Edgartown Harbor Light is located in Massachusetts
Edgartown Harbor Light
Location Off N. Water St., Edgartown, Massachusetts
Coordinates 41°23′27.05″N 70°30′10.88″W / 41.3908472°N 70.5030222°W / 41.3908472; -70.5030222Coordinates: 41°23′27.05″N 70°30′10.88″W / 41.3908472°N 70.5030222°W / 41.3908472; -70.5030222
Year first constructed 1828
Year first lit 1939 (current structure)
Automated 1939
Foundation Granite blocks
Construction Cast iron
Tower shape Conical
Markings / pattern White with black lantern
Focal height 45 feet (14 m)
Original lens Fourth order Fresnel lens
Current lens 9.8 inches (250 mm)
Range 5 nautical miles (9.3 km; 5.8 mi)
Characteristic Flashing red every six seconds
Admiralty number J0440
ARLHS number USA-265
USCG number

1-15420[1][2][3]

Edgartown Harbor Light
Area 0.3 acres (0.12 ha)
Built 1875
Architectural style Italianate
Governing body U.S. Coast Guard
MPS Lighthouses of Massachusetts TR
NRHP Reference # 87001465[4]
Added to NRHP June 15, 1987

Edgartown Harbor Light is a Martha's Vineyard lighthouse located in Edgartown, Massachusetts, USA, that marks the entrance into Edgartown Harbor and Katama Bay. Martha's Vineyard has five lighthouses.

History[edit]

The Edgartown Harbor Light was the first lighthouse constructed at the Edgartown Harbor entrance. The first light was built in 1828 when Congress appropriated $5,500 so the federal government could purchase a plot of land from Seth Vincent for $80, and build a light at the entrance of Edgartown Harbor. The necessity for a lighthouse at this location was precipitated by the large number of vessels frequenting the harbor during the whaling boom of the late 1700s and early 1800s.

The original Edgartown Light was a wooden, Cape Cod Style, two-story Keeper's house built on wood spiles a short distance offshore in shallow water. For the first two years of service, this offshore location required the Keeper to row a short distance. In 1830 Congress approved $2,500 for a wooden causeway to be constructed. This wooden causeway was colloquially known as the "Bridge of Sighs." A term that reflected the emotions of island people as they stood on the walkway watching whaling ships depart for voyages that lasted up to five years. The initial Edgartown lighthouse featured a glass lantern room protruding from the middle of the gabled roof of the Keeper's residence. This lantern room contained a fixed white light that was visible for about 14 miles.[5] In 1850 Congress appropriated $5,000 for construction of a new causeway with a walkway on top.

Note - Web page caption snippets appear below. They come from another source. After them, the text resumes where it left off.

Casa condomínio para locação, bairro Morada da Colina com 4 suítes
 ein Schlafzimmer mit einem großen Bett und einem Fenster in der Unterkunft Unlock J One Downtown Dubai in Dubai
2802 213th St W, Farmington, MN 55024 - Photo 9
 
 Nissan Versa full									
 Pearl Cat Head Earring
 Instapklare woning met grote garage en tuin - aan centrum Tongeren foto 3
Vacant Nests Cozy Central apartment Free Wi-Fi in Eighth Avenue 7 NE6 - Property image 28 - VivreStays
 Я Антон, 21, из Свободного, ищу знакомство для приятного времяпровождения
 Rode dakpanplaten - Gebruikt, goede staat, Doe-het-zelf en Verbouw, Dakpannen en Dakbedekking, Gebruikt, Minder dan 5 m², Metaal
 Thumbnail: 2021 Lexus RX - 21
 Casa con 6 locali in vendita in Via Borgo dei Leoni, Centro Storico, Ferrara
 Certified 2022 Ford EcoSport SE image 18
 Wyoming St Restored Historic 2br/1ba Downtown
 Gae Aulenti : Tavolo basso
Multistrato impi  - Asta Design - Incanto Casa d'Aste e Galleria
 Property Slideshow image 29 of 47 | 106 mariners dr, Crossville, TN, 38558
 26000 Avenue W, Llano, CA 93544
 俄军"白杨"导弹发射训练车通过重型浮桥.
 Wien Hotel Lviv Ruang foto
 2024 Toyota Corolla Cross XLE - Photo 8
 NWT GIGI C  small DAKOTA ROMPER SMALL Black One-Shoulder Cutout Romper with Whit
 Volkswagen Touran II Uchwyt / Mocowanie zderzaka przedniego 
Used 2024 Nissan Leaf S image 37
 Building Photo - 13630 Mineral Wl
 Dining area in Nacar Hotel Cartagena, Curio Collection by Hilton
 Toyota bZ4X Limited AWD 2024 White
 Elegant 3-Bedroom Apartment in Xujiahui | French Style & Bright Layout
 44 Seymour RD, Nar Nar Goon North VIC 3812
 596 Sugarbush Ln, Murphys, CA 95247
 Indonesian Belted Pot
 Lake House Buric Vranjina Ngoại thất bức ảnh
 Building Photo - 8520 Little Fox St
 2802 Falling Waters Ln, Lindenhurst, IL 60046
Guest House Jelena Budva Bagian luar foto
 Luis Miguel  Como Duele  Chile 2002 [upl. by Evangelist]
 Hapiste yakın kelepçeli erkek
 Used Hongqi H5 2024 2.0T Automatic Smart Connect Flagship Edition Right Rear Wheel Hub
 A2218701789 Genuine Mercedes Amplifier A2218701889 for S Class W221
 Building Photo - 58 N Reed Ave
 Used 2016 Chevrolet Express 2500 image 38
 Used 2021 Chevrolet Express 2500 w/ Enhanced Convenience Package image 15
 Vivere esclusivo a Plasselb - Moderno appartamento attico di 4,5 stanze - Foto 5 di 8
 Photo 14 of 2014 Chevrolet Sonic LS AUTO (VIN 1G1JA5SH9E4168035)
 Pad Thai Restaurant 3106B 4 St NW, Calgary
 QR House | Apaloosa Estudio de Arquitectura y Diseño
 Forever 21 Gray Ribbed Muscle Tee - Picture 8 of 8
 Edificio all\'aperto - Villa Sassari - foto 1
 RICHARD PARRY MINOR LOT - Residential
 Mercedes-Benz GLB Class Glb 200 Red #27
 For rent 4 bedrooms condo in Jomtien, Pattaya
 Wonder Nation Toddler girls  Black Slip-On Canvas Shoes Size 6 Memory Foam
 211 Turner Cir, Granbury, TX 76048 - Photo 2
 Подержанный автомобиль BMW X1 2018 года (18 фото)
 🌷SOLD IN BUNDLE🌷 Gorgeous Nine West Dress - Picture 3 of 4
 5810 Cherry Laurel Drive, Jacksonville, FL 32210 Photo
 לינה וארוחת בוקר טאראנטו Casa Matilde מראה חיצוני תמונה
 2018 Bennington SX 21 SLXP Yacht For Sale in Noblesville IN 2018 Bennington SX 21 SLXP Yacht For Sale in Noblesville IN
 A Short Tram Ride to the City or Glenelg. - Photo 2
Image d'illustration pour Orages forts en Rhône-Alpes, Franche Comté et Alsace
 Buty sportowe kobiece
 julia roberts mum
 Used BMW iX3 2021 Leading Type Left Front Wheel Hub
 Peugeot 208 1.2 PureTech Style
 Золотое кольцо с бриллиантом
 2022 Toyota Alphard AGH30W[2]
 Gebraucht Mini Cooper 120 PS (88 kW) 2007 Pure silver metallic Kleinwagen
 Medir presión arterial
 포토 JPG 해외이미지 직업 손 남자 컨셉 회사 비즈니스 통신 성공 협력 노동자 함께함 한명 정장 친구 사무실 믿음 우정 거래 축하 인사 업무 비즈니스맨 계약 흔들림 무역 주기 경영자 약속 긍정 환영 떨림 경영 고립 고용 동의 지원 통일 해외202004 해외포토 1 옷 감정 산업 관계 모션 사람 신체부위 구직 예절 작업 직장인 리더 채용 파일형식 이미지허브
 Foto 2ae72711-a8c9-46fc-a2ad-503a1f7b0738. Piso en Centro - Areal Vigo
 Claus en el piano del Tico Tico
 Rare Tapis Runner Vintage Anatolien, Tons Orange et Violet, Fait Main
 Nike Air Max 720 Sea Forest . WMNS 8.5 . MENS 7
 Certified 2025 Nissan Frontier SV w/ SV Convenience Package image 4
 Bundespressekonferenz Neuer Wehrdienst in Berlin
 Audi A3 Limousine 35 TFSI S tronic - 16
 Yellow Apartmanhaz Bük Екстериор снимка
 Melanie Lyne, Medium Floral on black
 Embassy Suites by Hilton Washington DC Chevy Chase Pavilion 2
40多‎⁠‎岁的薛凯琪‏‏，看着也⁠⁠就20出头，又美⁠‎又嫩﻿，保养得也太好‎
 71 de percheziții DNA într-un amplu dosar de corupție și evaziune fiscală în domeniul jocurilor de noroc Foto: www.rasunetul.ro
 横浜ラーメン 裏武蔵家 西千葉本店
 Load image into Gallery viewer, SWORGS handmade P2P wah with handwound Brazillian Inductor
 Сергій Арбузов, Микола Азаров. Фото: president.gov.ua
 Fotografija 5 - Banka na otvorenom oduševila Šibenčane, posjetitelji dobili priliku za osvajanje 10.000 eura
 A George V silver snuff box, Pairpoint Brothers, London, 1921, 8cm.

In 1856, after the Keeper's house was damaged by fire, the house was rebuilt, and the light replaced with a fourth-order Fresnel lens. During the 1860s – multiple repairs and renovations were done, including: rooms re-papered, 2 iron smokestacks raised, sills of the keeper's house were replaced and the house was whitewashed, the walkway was repaired. In the 1890s, the fuel and storehouse were built; a new oil house was constructed; a fence was built around the pier, and a new well was dug.[6] This first Edgartown Light was destroyed in the Hurricane of 1938. In 1939, the United States Coast Guard demolished the existing buildings and installed an 1881 vintage cast-iron tower relocated from Ipswich Rear Range Light.[7] When reconstructed at the mouth of Edgartown Harbor, the relocated conical tower was fitted with the fourth-order Fresnel lens, electrified, and automated.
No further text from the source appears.